Government and Industry Regulators Fine Merrill Lynch for Failure to File Suspicious Activity Reports

Government and industry regulators have recently fined Merrill Lynch $12 million for their alleged failure to file Suspicious Activity Reports (SARs) over a period of more than a decade. These reports are meant to flag transactions that are suspected to be involved in criminal activity.

Both the Securities and Exchange Commission and the brokerage industry self-regulator, Finra, have announced $6 million settlements with Merrill Lynch. The settlements claim that the wealth manager’s anti-money-laundering policies and procedures relied on a $25,000 threshold for reporting suspicious transactions, which was deemed inappropriate.

Federal regulations stipulate that the SAR requirement for national banks, such as Merrill Lynch’s parent company Bank of America, is triggered when there is no reasonable basis for identifying a suspect and the transaction exceeds $25,000. However, it was found that when operating as a broker-dealer during the relevant period, Merrill Lynch should have followed a lower reporting threshold of $5,000.

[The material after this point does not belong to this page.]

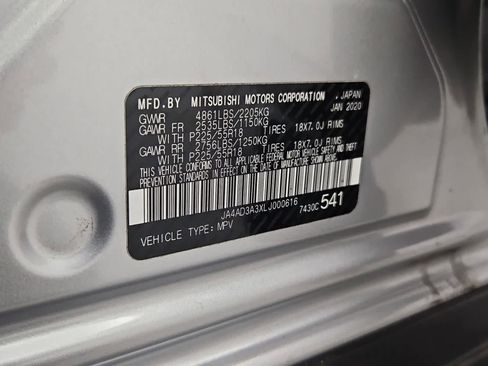 Used 2020 Mitsubishi Outlander SEL FWD image 35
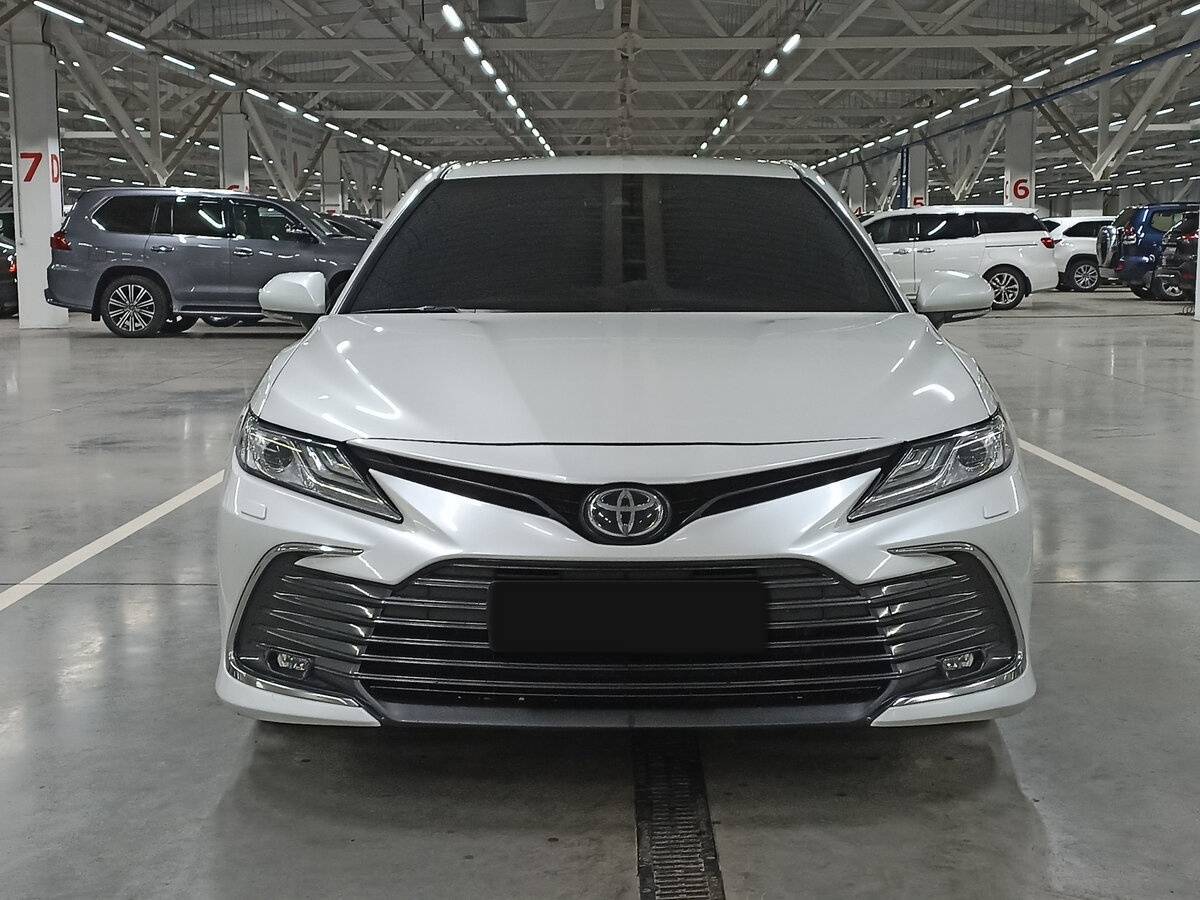Toyota Camry б/у, 2021, Автоматическая. Фото: #1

Katharine Zoladz, co-acting regional director of the Securities and Exchange Commission’s Los Angeles regional office, emphasizes the importance of broker-dealers reporting suspicious activity in their accounts. She states that Merrill Lynch and its parent company failed to comply with this essential requirement for a SAR program.

Regulators acknowledged Merrill Lynch’s cooperation in the investigation after the firm voluntarily reported the alleged misconduct. Merrill Lynch settled the matter by accepting the fines and a censure without admitting or denying the allegations. The firm has also made modifications to its policies to enhance compliance.

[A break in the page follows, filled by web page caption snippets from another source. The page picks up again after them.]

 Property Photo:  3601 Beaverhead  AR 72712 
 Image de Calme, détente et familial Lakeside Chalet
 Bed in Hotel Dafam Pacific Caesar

“After conducting an internal review, we promptly reported this matter to regulators and have since improved our process and training regarding these filings,” the firm stated.

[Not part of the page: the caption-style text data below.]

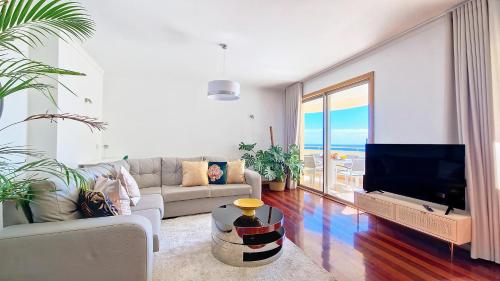 Glorious APT - pool & ocean view by LovelyStay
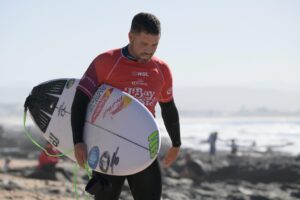 Adriano de Souza Instagram - Hoje o dia foi todo pra mim 🥰 peguei a melhor onda do campeonato no dia de hoje.
J Bay você é especial 🇿🇦❤️
📸 @redbullbr @redbullsurfing @craigkolesky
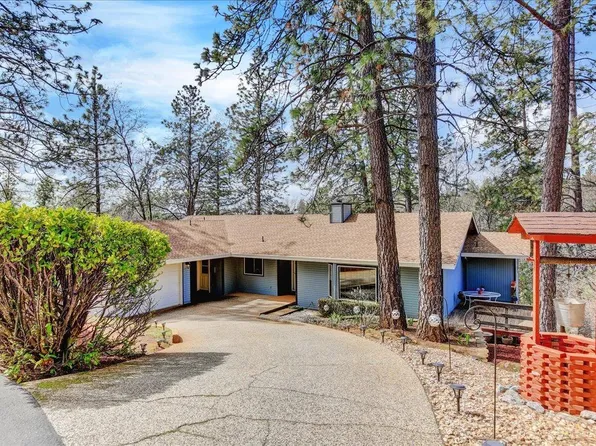 10490 Sky Cir, Grass Valley, CA 95949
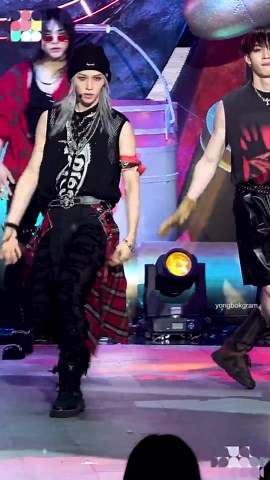 Stray Kids 필릭스 Felix Lee on Instagram: "[highlight] “Chk Chk Boom” Felix fancam (Music Core Comeback Stage) 🎥❤️‍🔥 240720 Music Core “Chk Chk Boom” Felix fancam Stray Kids (2024) _____ tags: #StrayKids #스트레이키즈 #필릭스 #이용복 #Felix #I_N #Seungmin #HAN #Hyunjin #Changbin #LeeKnow #Bangchan #SKZ #Stay #LoveStay #FelixLee #LeeYongBok #YongBok #スキズ #フィリックス #ストレイキッズ #JYP #ATE #ChkChkBoom"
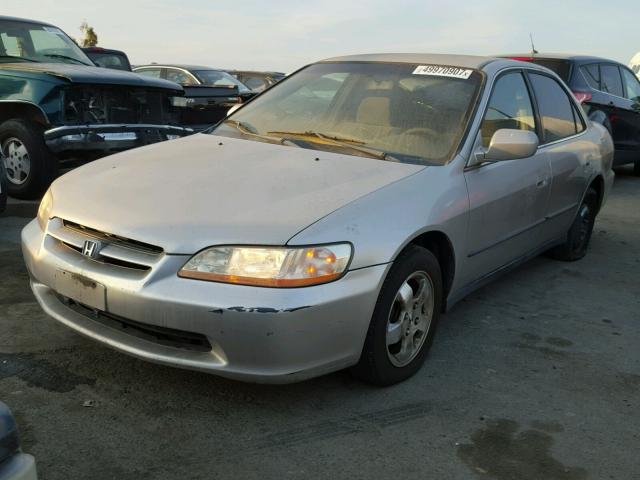 JHMCG6656XC006018 - 1999 HONDA ACCORD LX SILVER photo 2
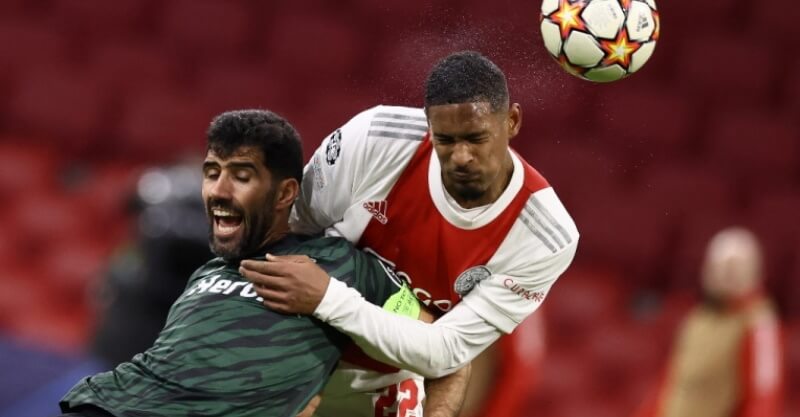 Haller e Luís Neto em disputa de bola no Ajax-Sporting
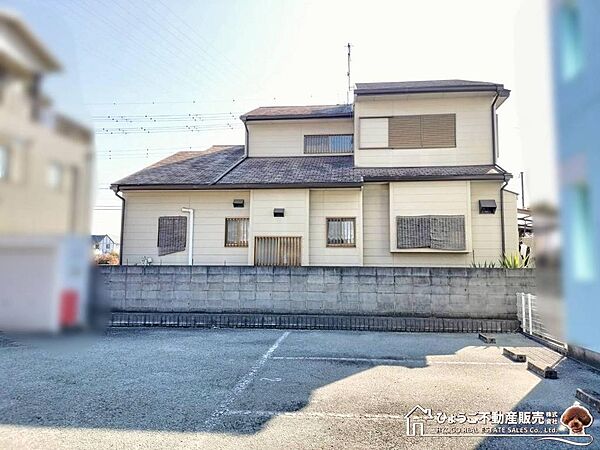 第１種低層住居専用地域で落ち着いた閑静な住宅街◆小学校・幼稚園・コンビニが徒歩１０分圏内で生活に便利な好立地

Recent Penalties Against Bank of America

In response to these allegations, Bank of America claims to have already addressed the issue internally, refunding the affected customers. The company also made significant changes in their fee structure by reducing overdraft fees and completely eliminating non-sufficient fund fees. These adjustments have resulted in a remarkable 90% decrease in revenue from these fees.

Christopher Kelly, Finra’s acting head of enforcement, emphasizes the importance of member firms fulfilling their SAR filing obligations, as law enforcement and regulators rely on their reporting to identify potential fraud and suspicious activities. He states that Merrill Lynch failed to fulfill this fundamental responsibility.

These recent penalties serve as a reminder to financial institutions of the significance of adhering to regulatory requirements and conducting business ethically. As banks continue to face scrutiny, the focus on consumer protection and regulatory compliance remains crucial in maintaining public trust.